Öyle sözler söylediler ki, ama ben sonunda şunu söylemek zorunda kaldım: Sayın Recep Tayyip Erdoğan televizyona çıktığı zaman çocuklarınızı televizyonların başından uzaklaştırın. Yoksa bütün eğitim gayretlerimiz boşa gider. ’Bir Başbakan canı sıkıldıkça insanlara bu sözleri söylüyorsa o zaman biz çocuklarımıza nasıl terbiye vereceğiz’ dedim.

HANGİ MANADA KULLANDIĞIMI İZAH ETTİM

Angut sözünün hiçbir şekilde böyle bir hakaret anlamında olmadığını söyledim. Ama maalesef bu sevimli kuşa benzettiğim için benden 100 bin lira tazminat istediği yetmiyormuş gibi bir de savcılığa beni ihbar etti ve iki yıla kadar da hapsimi istiyor. Ne güzel demokrasi değil mi? Bir kelime için 100 bin lira ve iki yıla kadar hapis. ’Kendisi şiir okudum da beni hapse attılar’ diye yıllardan beri dolaşan bir insan. Bir benzetmeden ötürü benim derhal hapse atılmamı ve 100 bin lira vermemi istiyor. Savcılığa ifademi verdim. Savcı bana, ’Bu kelimeyi söylediniz mi?’ diye sordu. Ben de dediğimi söyledim ama bu kelimeyi hangi manada kullandığımı da izah ettim.
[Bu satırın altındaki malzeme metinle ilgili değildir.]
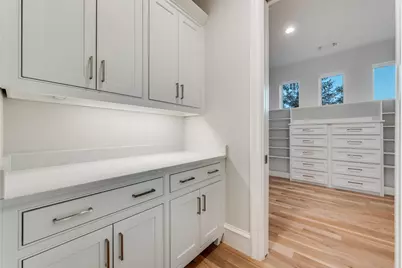 300 Crosswood Creek Court, Celina, TX 75009 - Photo 19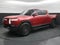 2023 Rivian R1T Adventure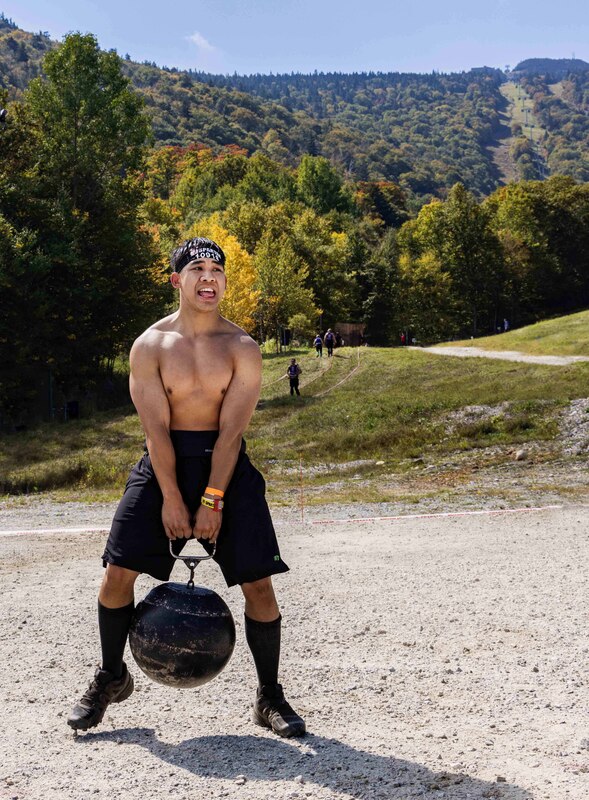 GQ7A7851 copy.jpg :: Killington Spartan Race Sept. 14-15, 2024
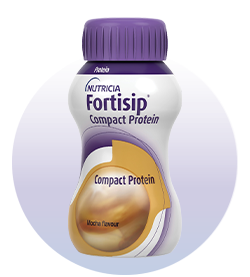 Fortisip 營保健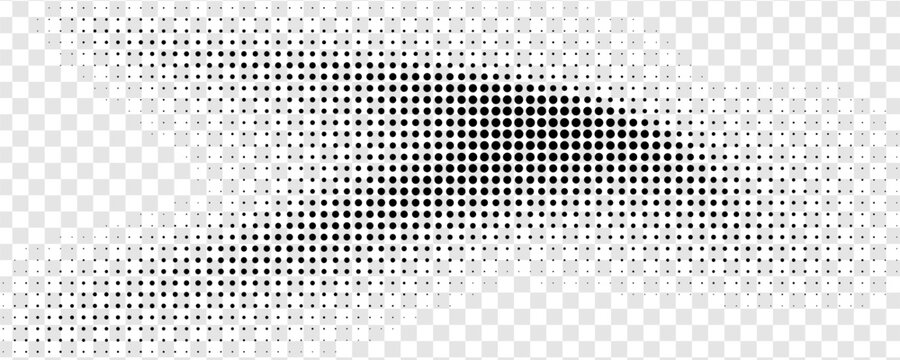 Tire tread marks, wheel textures, tire marks - car racing, motocross, drift, rally, off-road and others. Vector black isolated texture in grunge style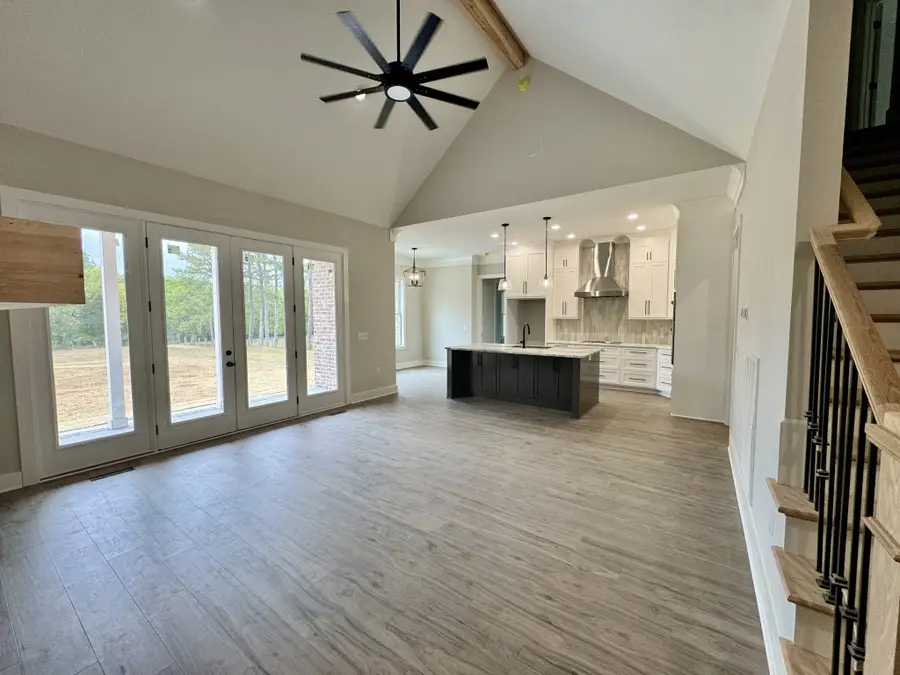 2315 Cooks Rd, Mount Juliet, TN 37122 - #3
Evet Türkiye’nin esas meseleleri şunlar. Bir Türkiye tasfiye ediliyor. Orta direk yok ediliyor. Türkiye global kapitalist şirketlere teslim ediliyor. Adalarımız Yunanlılara peşkeş çekiliyor. Ne yazık ki bu günkü iktidar milli meselelere duyarsız bir iktidardır. Bu iktidar böyle devam ederse seçimden sonra, Türkiye’yi çok sıkıntılı günlerin beklediğini söylüyorum."